This beautiful British actress is one of my favourites. Not sure when I first saw her, may be in Michelangelo Antonioni’s ‘Blow Up’ remembered for that dramatic climax – Sudden, stunning and picturesque. It was also my first impression of that great Italian director.

This beautiful British actress is one of my favourites. Not sure when I first saw her, may be in Michelangelo Antonioni’s ‘Blow Up’ remembered for that dramatic climax – Sudden, stunning and picturesque. It was also my first impression of that great Italian director.

But since then she has been regular in her appearances. Even more memorable as that Joshua Logan musical ‘Camelot’ (“I wonder what the king is doing tonight?”) where she was alongside Richard Harris and Franco Nero but really stole the show. That oval face of hers is etched in memory. And such a delightful musical with a number of catchy songs fetchingly put across.

But Redgrave will also be remembered for her torrid love affair with Franco Nero during the filming of ‘Camelot’. She even had a love child with him. It was during that “Decade of Change” (1965 to 1975) when Moon-landing, flower power set the anti-establishment trend in the world.

The daughter of Sir Michael Redgrave and sister of Lynn of ‘Georgy Girl’ fame, theirs was a celebrated British family of performers. But sadly I do not have pleasant memories of meeting her. In a West End theatre, where she was performing, she refused me an autograph backstage in the 1970s. She wasn’t the only one. Aussie cricketer Neil Harvey did the same in my college days.

In the 1960s and 1970s she had the freshness of youth and also acted in a number of films. There was ‘Mary Queen of Scots’ (1971) where she played the Scottish Queen most convincingly. But before that she acted in ‘Isadora’ (1968) as the dancer Isadora Duncan, where her physical prowess came to the fore. Much as one enjoyed the music and dance it was that tragic end that lingers in one’s mind. Isadora’s death after her scarf gets caught in the rear wheel of her sports car and she chokes.

She won an Oscar for Best Supporting Actress for Fred Zinemann’s ‘Julia’, where she plays the childhood friend of the famed Lillian Hellman (Jane Fonda).
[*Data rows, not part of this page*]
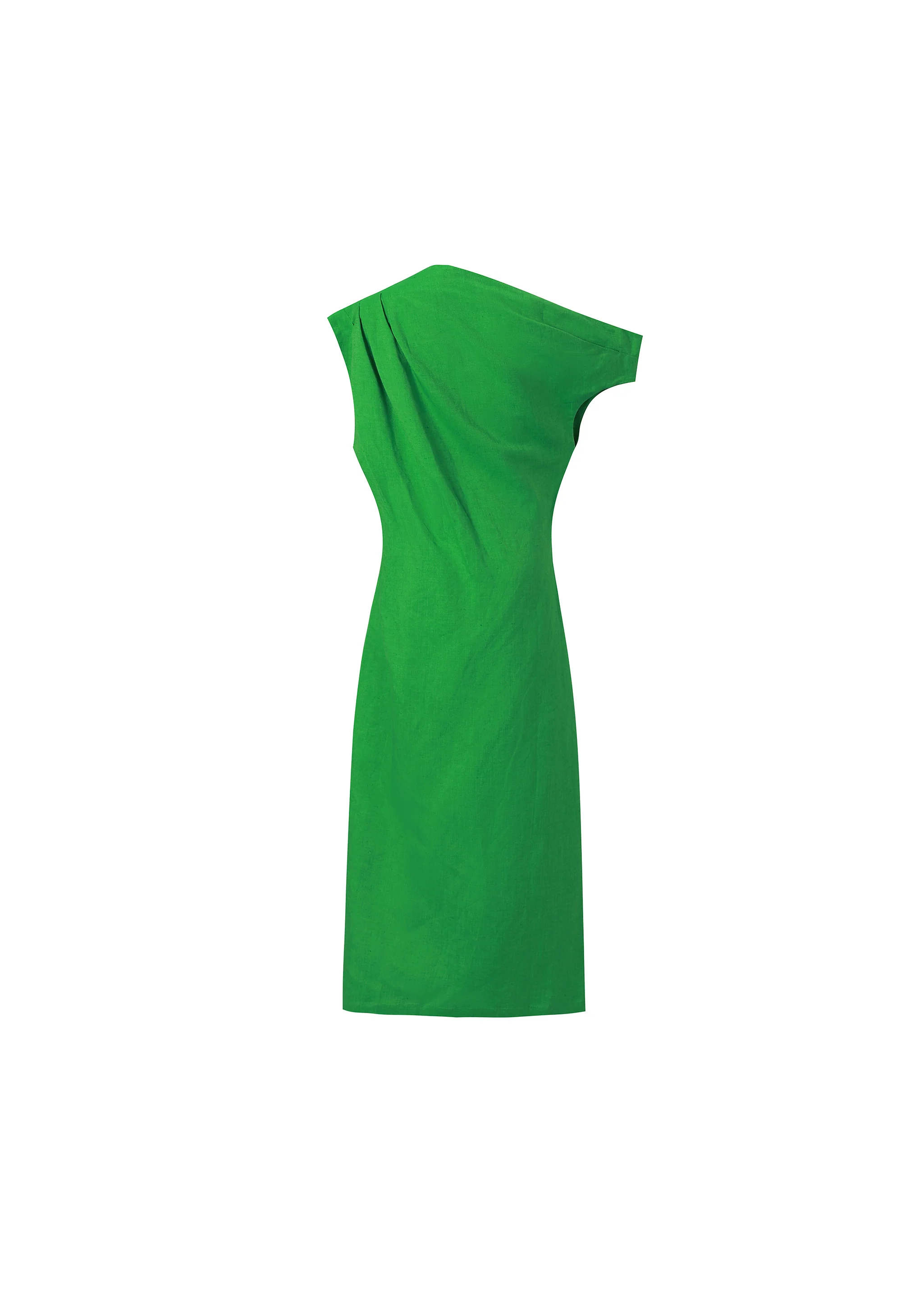 Morere Asymmetrical Midi Dress (Green) - Image 7
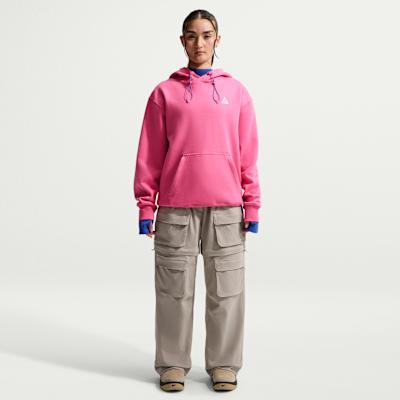 Nike ACG Therma FIT Loose Fit Thermal Fleece Lined Pullover Hooded Lon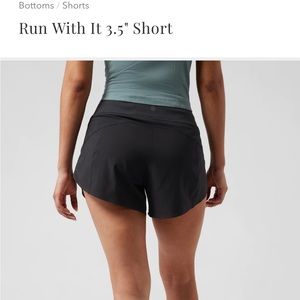 Athleta Run With It Short 3.5”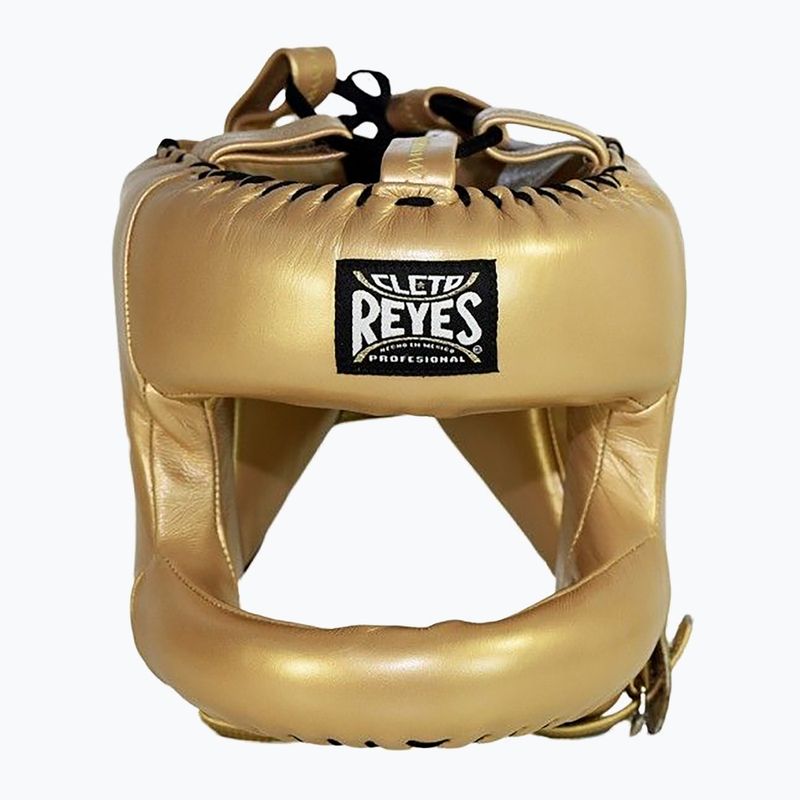 Cleto Reyes Boxing Helmet With Round Face Bar gold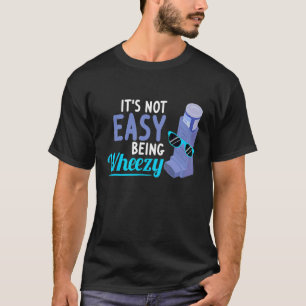 Camiseta Sensibilización sobre el asma Mes Inhaler Wheezy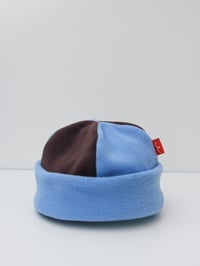 Image 1 of The Polar Fleece Hat in Powder Blue/Brown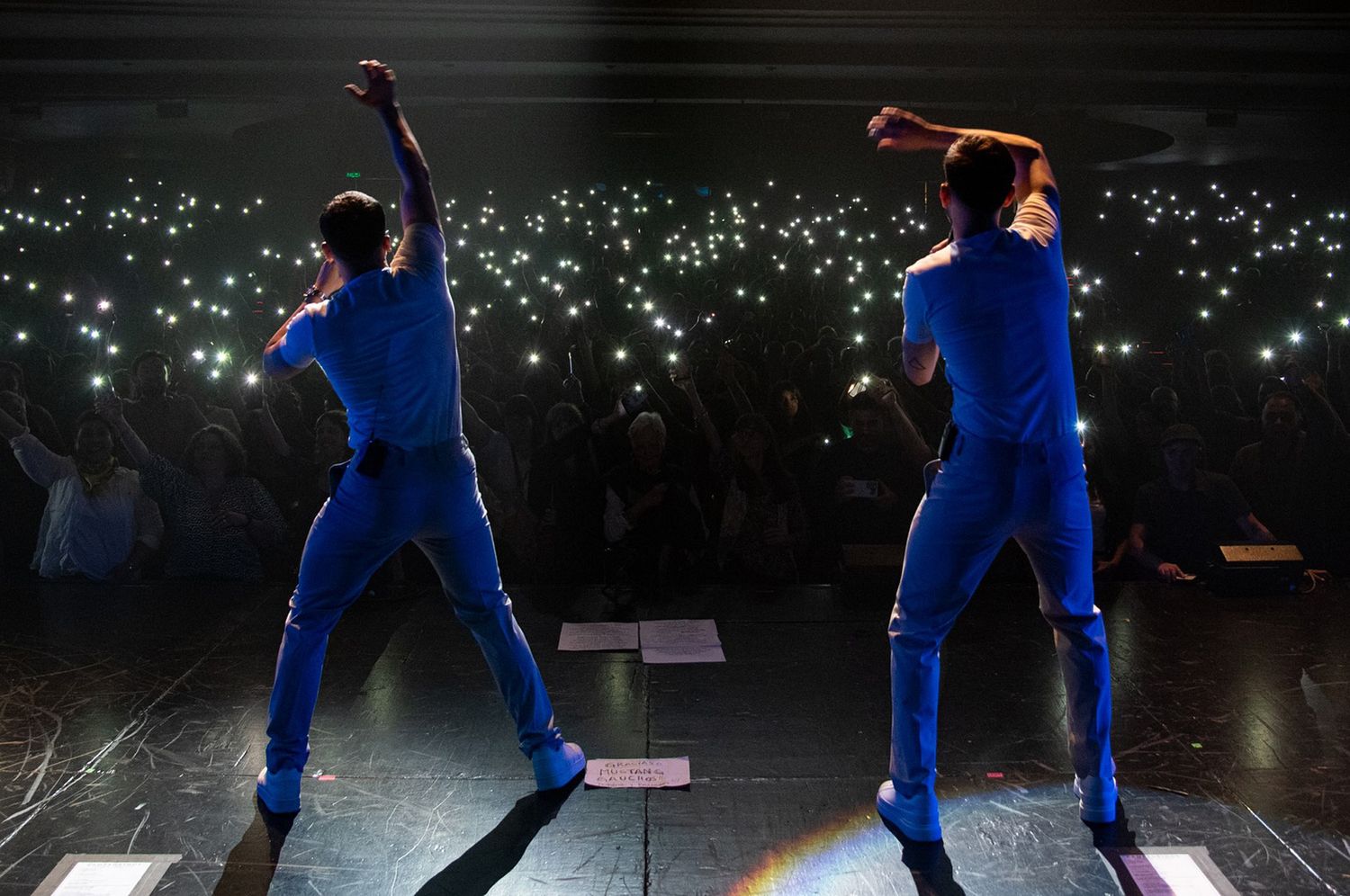 Los Campedrinos se presentaron en el Teatro Opera a sala llena. Foto: Instagram Campedinos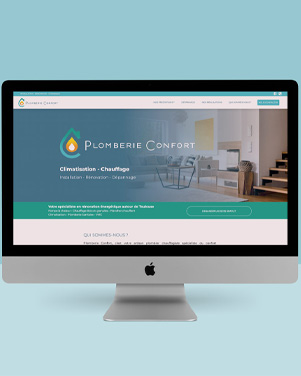site internet d'un plombier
Jason Robards also won an Oscar for the Supporting Actor for the same film.
Incidentally, both Redgrave and Fonda were political persons in real life and when Redgrave won the Oscar that year she made a political statement on the Palestinian cause and was promptly flayed by scriptwriter Paddy Chayefsky, who thought she misused the platform when he later came to the dais.

Unbelievable, but she also had a bit part in Tom Cruise – starrer ‘Mission: Impossible’. Another bit role was as the wife of Sir Thomas Moore, played by Charlton Heston, in Robert Bolt’s ‘A Man for All Seasons’. But I remember the bold play for the deep impression it made on my mind in my distant college days.

It is hard to single out any performance of hers as her best but if I were asked to see any one of her films it would easily be that musical ‘Camelot’ with its “I wonder what the King is doing tonight?”